A więc wstałam z kanapy i poszłam się ogarnąć przed wyjściem. Zajęło mi to jakoś 20 minut. Po ogarnięciu się, wzięłam wszystkie potrzebne rzeczy i spakowałam je do małej torebeczki, którą miałam zamiar wziąć ze sobą. Popatrzyłam potem na zegar, by sprawdzić godzinę. Zegar pokazywał godzinę 13:47, a ja byłam na spotkanie umówiona o 14.
13 minut. Wyrobię się.
Poszłam ubrać buty, kurtkę i szalik (załóżmy że była taka późna jesień) i wyszłam z domu. Po drodze spotkałam kilka innych znajomych krai.

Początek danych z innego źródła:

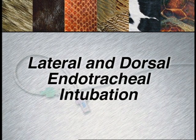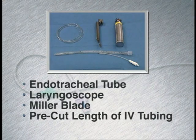Lateral and dorsal endotracheal intubation, as indicated in critical patients, can be done by one individual. Dorsal intubation allows for placement of a tube one size larger than normal.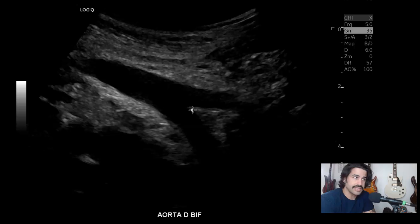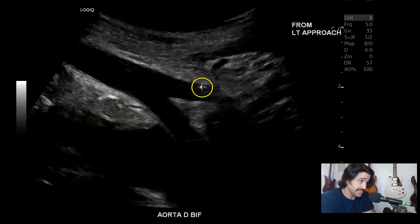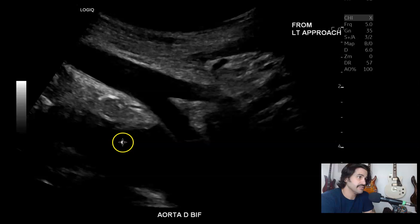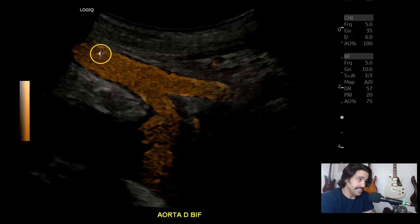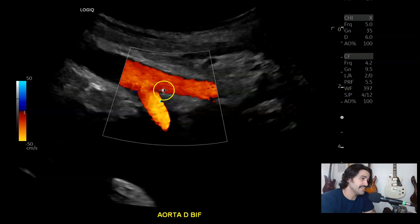Depending on what side you're approaching from — I'm approaching from the left, so I was wrong. This is the left common iliac artery and this is the right common iliac artery. This is the B-flow hybrid mode, so it's B-flow on top of grayscale. This is very good — if you have any stenosis, I've had patients with stenosis of the inferior mesenteric artery that this showed very clearly. A very good mode to have.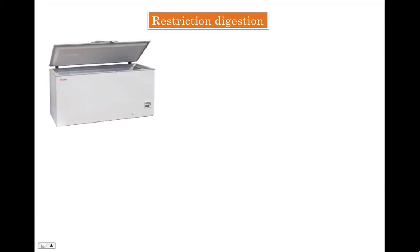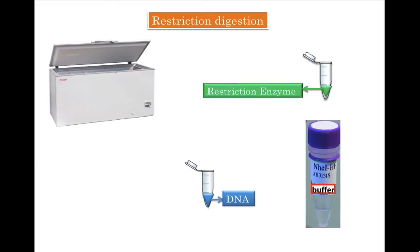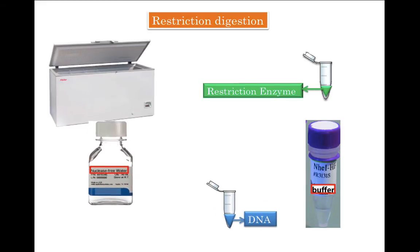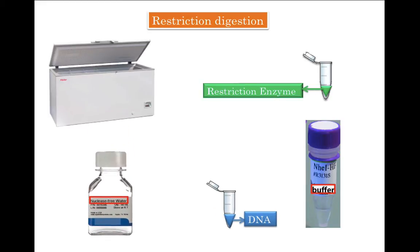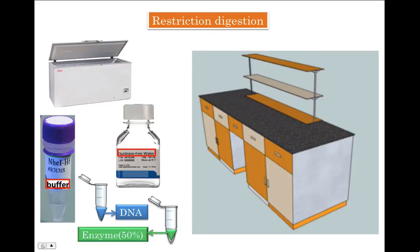Let's set up a restriction digestion — it's a very simple method. You need to open the minus 20 freezer and take out tubes containing restriction enzyme, restriction enzyme buffer, DNA that you want to cut, and nuclease-free water. Keep all the stuff you pulled out of minus 20 in an ice bucket. You need only two pieces of equipment: a microfuge and a water bath.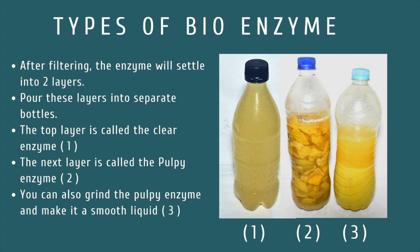Once the enzymes are ready, it will settle down in two layers. The lighter upper layer is called the clear enzyme and the denser bottom layer is called the pulpy enzyme. You can either use the pulpy enzyme as it is or grind it into a thick liquid for ease of use.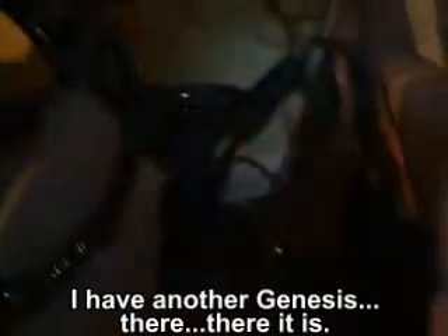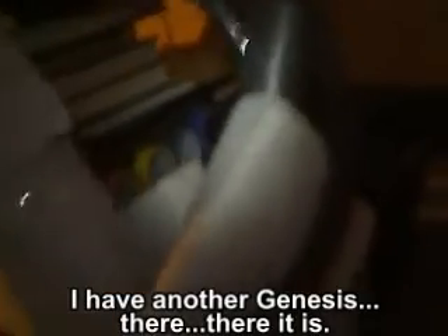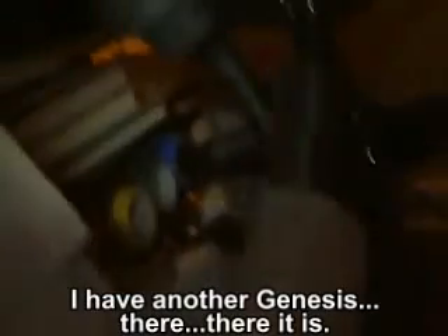I have another book on top of the master and I have another Genesis. It is plugged into a laptop adapter, an AC to DC adapter, and it is plugged into my laptop.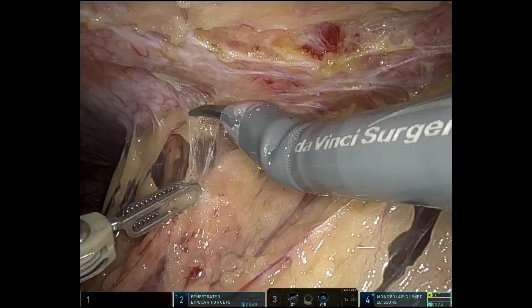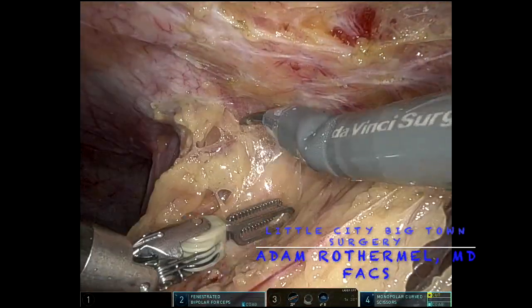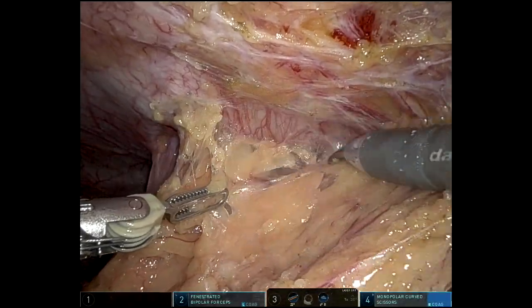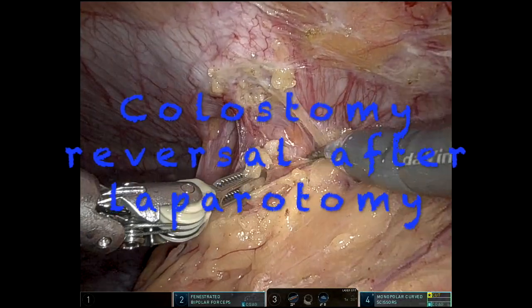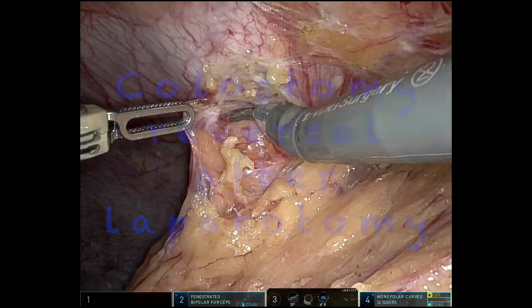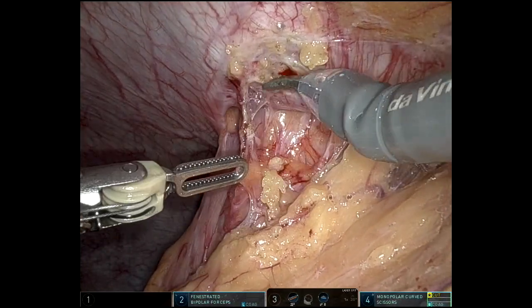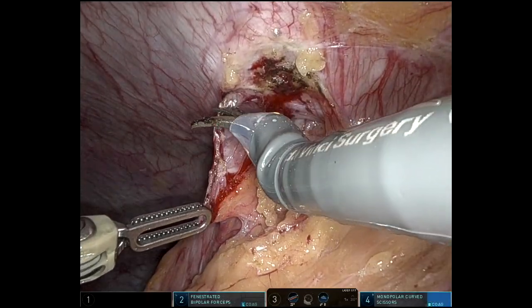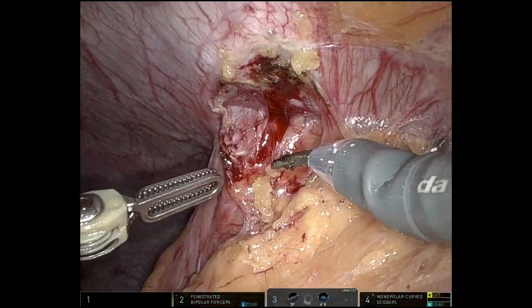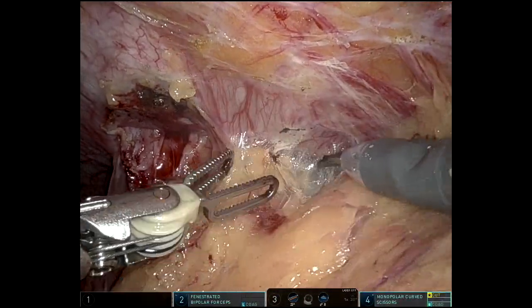Hello everybody. Presenting a robotic colostomy reversal after previous sigmoid colectomy via laparotomy. A 38-year-old woman who had an emergent exploratory laparotomy sigmoid colectomy for an obstructing sigmoid tumor. She's about six months out from that and presenting for colostomy reversal.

Po ok. 10 minutach byłam już pod domem Ameryki.
- Hey (T/I)! - Usłyszałam znajomy głos
Był to Ameryka, który właśnie wychodził z domu.

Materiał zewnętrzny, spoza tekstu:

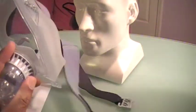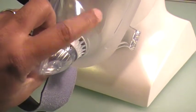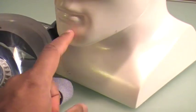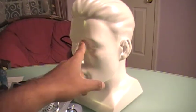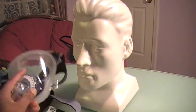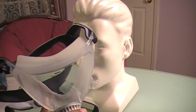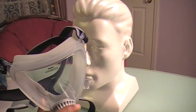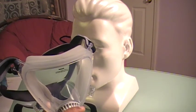Another problem is drooling, because this mask covers both the nose and mouth. If you're someone who drools a lot, that can be uncomfortable. Personally, I tried it out for two nights and my eyes were a factor — they were drying out within minutes. Two or three other patients have complained about the same issue. Finally, you can actually hear yourself breathing in and out with this mask, which made it hard for me to fall asleep.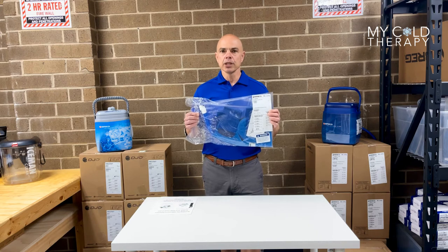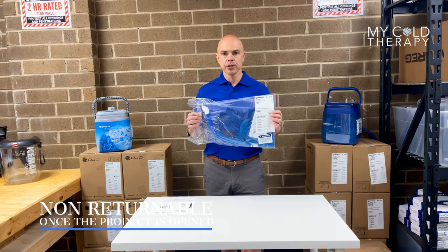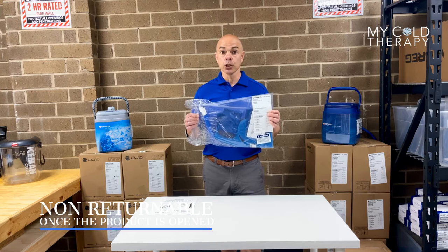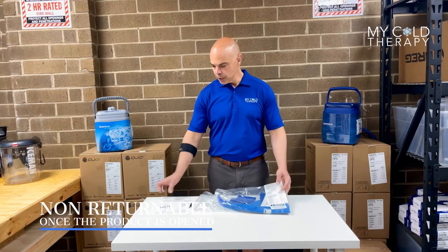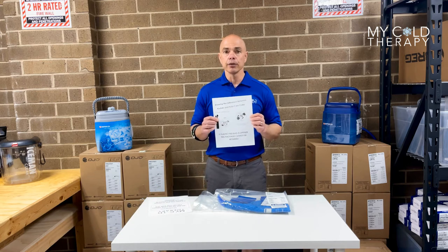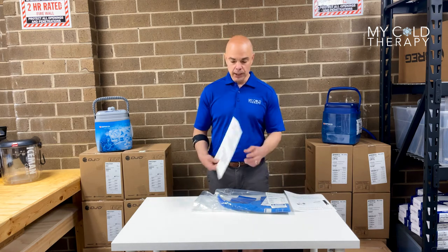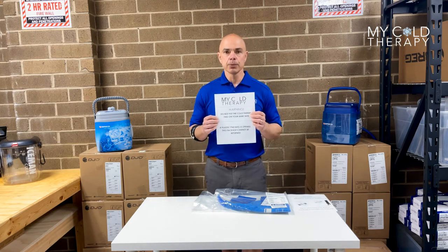Since these pads are sealed, once they are open you cannot return them. Most of our patients are surgery patients, so for the risk of infection everything must go out sealed. Every single bag is going to receive a connector letter so that way you know you have a Kodiak or a Cube — please take note of which connector you have. You're also going to get a skin warning label that says please do not put this on your bare skin for risk of harm.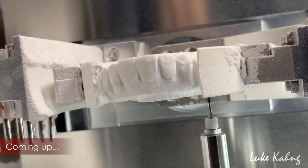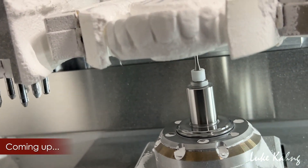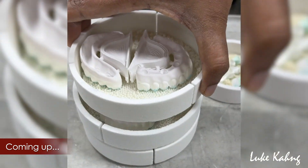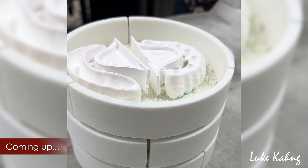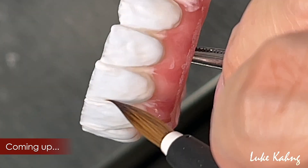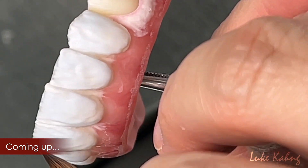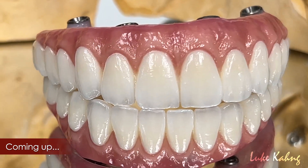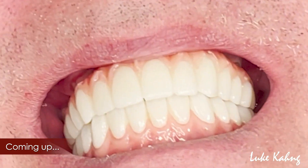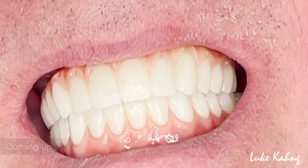Zirconia arch implants are some of the best dental restorations for patients. They are also a popular restoration here at LSK 121. But what are the general steps that we take when creating these kinds of implants, and how do we make them look so lifelike? In this video, we'll take a quick look at the fabrication of our aesthetically pleasing, full mouth zirconia implants.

- Czeeść!! - Odpowiedziałam
Ame podszedł do mnie i mnie przytulił na powitanie. Potym razem udaliśmy my się w stronę miasta.
- Więc.. Opowiadaj (T/I), co tam u Ciebie słychać? - spytał się mnie z uśmiechem Ame
- No wiesz... Życie jak życie, nic nowego ^^
- Heh, mam tak samo I guess..- zaśmiał się.
Idąc do miasta, rozmawialiśmy o wielu rzeczach. Aż wkońcu usłyszałam, że ktoś do mnie dzwoni.
- Oh, czekaj Ame! Ktoś dzwoni
- Jasne, Spoko.
Wyciągnęłam tefon z torebki, by sprawdzić kto to. Był to Rosja. Również mój dobry przyjaciel. Zastanawiałam się co chciał..
Odebrałam.
- Привет (Cześć), (T/I)! - Powiedział
- Oh, cześć Rosja! Co tam u ciebie słychać?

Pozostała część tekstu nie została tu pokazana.